In a canine model of permanent coronary occlusion it has been shown that basic fibroblast growth factor (bFGF) reduced infarct size and this was associated with an increase in myocardial capillary density a week after infarction. In a preliminary work from our own laboratory using a model of occlusion followed by prolonged reperfusion we observed a similar reduction in infarct size without evidence of myocardial neovascularization. The aim of the present investigation was to evaluate the effects of bFGF on infarct size and blood flow to the infarct zone in an acute experiment in which myocardial neovascularization would be excluded as a mechanism by the short duration of the study. Seventeen mongrel dogs were anesthetized and the heart was exposed through a left thoracotomy. The left anterior descending (LAD) coronary artery was isolated and occluded for 3 h. Fifteen min after LAD occlusion dogs received bFGF 20 microg of bFGF (n=6) or placebo (n=11) by intracoronary injection infused over 5 min. We measured heart rate, aortic pressure, regional coronary blood flow (CBF), regional shortening fraction (SF) at 1, 30 and 180 min of occlusion, then the LAD was reperfused for 5 min then the dogs were euthanized and infarct size was measured. Regional CBF was similar between the two groups of dogs throughout all the study. The SF was similar between the two groups prior the onset of ischemia and at the beginning of the ischemic period. After 180 min of ischemia SF was 2.7+/-4.1% for bFGF and -3.1+/-4.7 for placebo (P=0.049), and during reperfusion SF was 3.4+/-4.6% for bFGF and 0.4+/-1.0% for placebo treated dogs (P=0.023). The infarct size, normalized for the area at risk was 14.2+/-5.2% in bFGF group vs 25.8+/-8.2% in placebo group (P=0.015). In summary we have demonstrated that bFGF significantly limits myocardial necrosis after acute coronary occlusion, and that this occurred without an increase in regional myocardial perfusion and within a period of time too brief for angiogenesis to have occurred. By exclusion, it appears that the salutary effect of bFGF is likely to be mediated by a cellular mechanism. The mechanism or mechanisms responsible for myocardial salvage by bFGF may have significant potential to be exploited in the clinical arena as the basis for therapies to protect the acutely ischemic myocardium.

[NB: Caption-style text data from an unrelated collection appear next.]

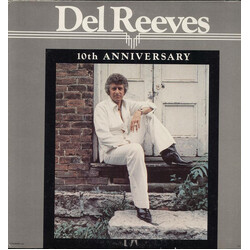 Del Reeves 10th Anniversary Vinyl LP USED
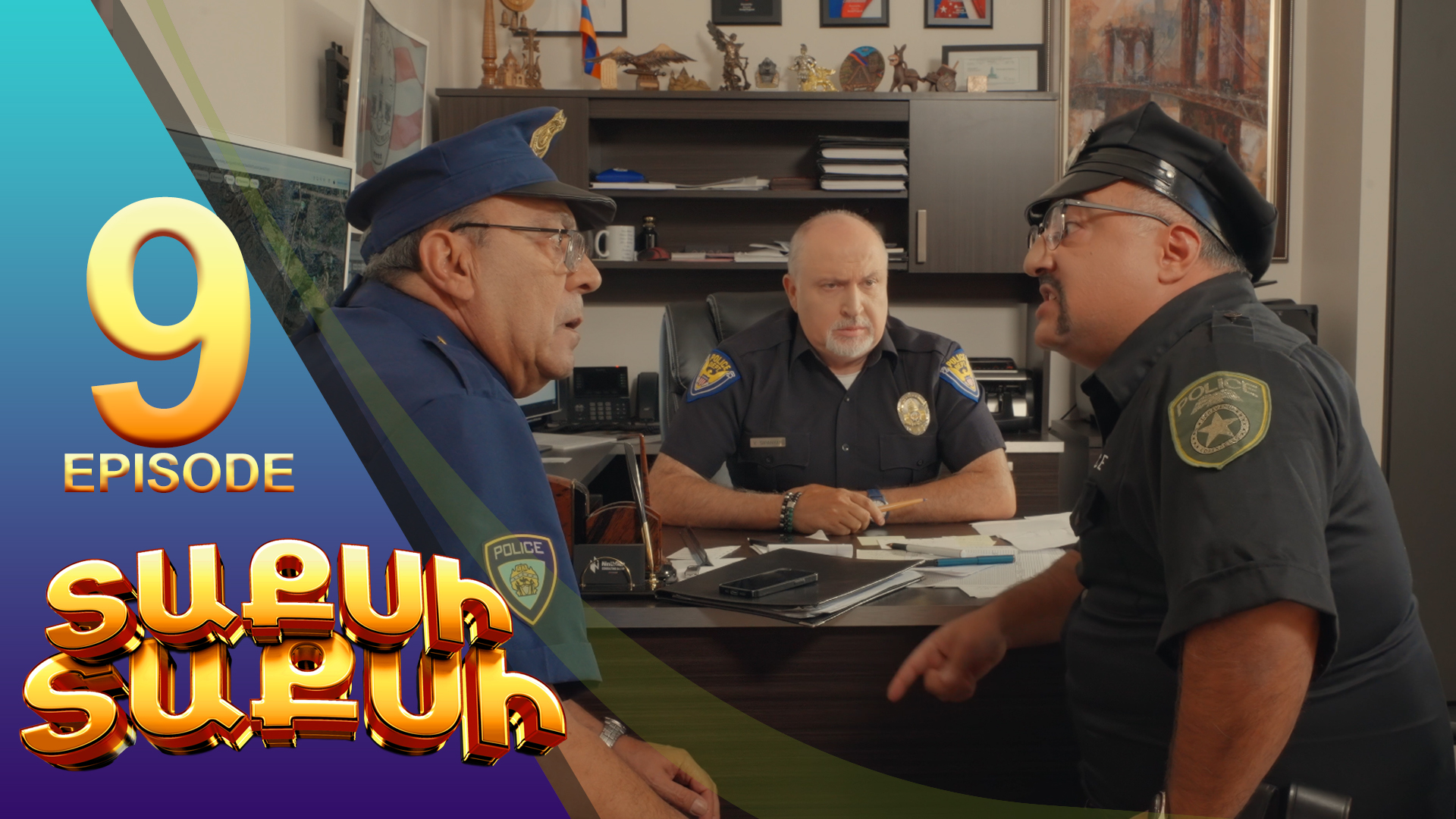 TAXI-TAXI Episode 09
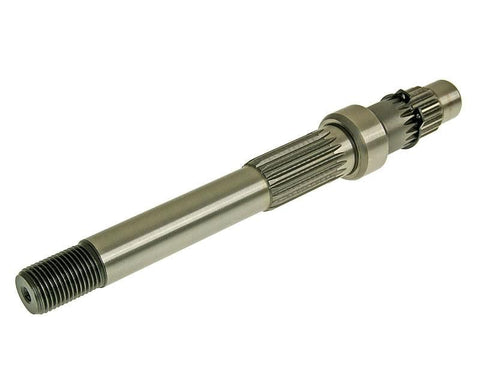 final drive shaft / output shaft for long version - GY6 50cc 139QMB 101 OCTANE MOTOVEIKALS 21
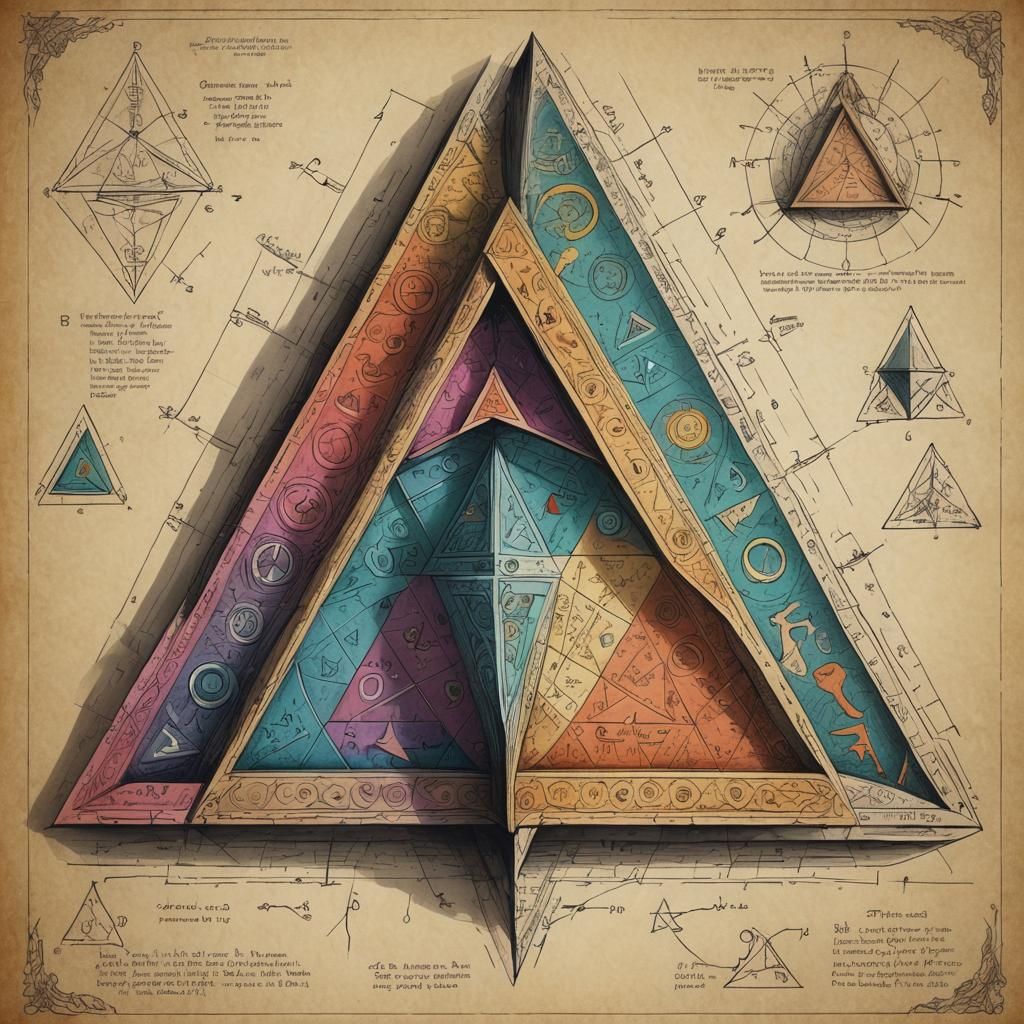 Mystical Mathematical Theorems About Triangles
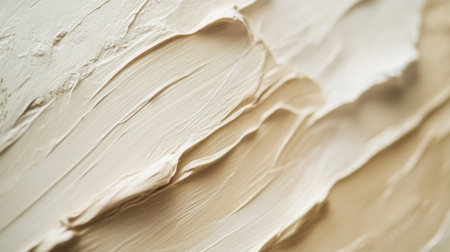 A close-up of an abstract background with textured brush strokes and layered colors, giving a painterly and artistic feel with rich, tactile details.の素材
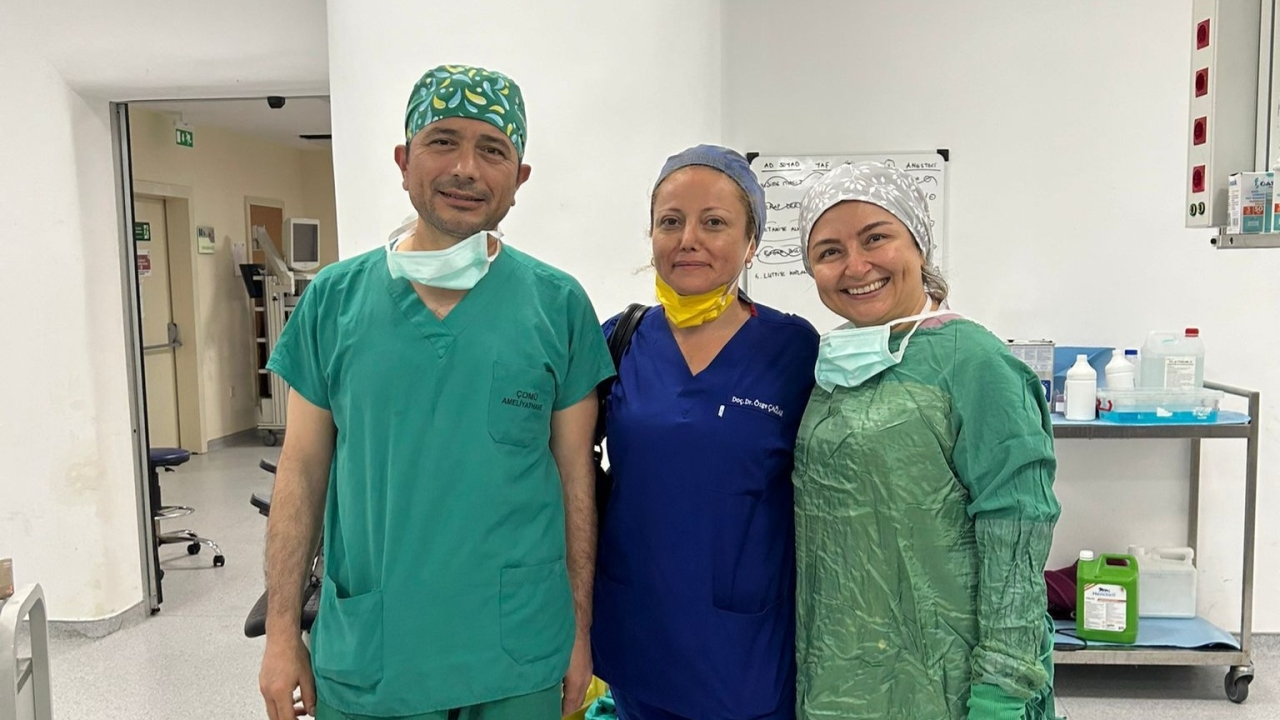 ÇOMÜ Hastanesi’nde lazer DCR yöntemi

在永久性冠状动脉闭塞的犬模型中,已表明碱性成纤维细胞生长因子(bFGF)可减小梗死面积,且这与梗死后一周心肌毛细血管密度增加有关。在我们自己实验室的一项初步研究中,使用闭塞后长时间再灌注的模型,我们观察到梗死面积有类似减小,但没有心肌新生血管形成的证据。本研究的目的是在一项急性实验中评估bFGF对梗死面积和梗死区域血流的影响,在该实验中,由于研究持续时间短,心肌新生血管形成机制将被排除。17只杂种犬麻醉后,通过左胸切开术暴露心脏。分离左前降支(LAD)冠状动脉并闭塞3小时。LAD闭塞15分钟后,犬通过冠状动脉内注射在5分钟内输注20微克bFGF(n = 6)或安慰剂(n = 11)。我们在闭塞1、30和180分钟时测量心率、主动脉压、局部冠状动脉血流(CBF)、局部缩短分数(SF),然后LAD再灌注5分钟,然后对犬实施安乐死并测量梗死面积。在整个研究过程中,两组犬的局部CBF相似。在缺血发作前和缺血期开始时,两组的SF相似。缺血180分钟后,bFGF组的SF为2.7±4.1%,安慰剂组为-3.1±4.7%(P = 0.049),再灌注期间,bFGF治疗的犬SF为3.4±4.6%,安慰剂治疗的犬为0.4±1.0%(P = 0.023)。以危险区域面积标准化后的梗死面积,bFGF组为14.2±5.2%,安慰剂组为25.8±8.2%(P = 0.015)。总之,我们已证明bFGF可显著限制急性冠状动脉闭塞后的心肌坏死,且这发生在局部心肌灌注未增加且血管生成发生时间过短的时间段内。通过排除法可知,bFGF的有益作用可能是由细胞机制介导的。bFGF挽救心肌的一种或多种机制在临床领域作为保护急性缺血心肌的治疗基础可能具有巨大的开发潜力。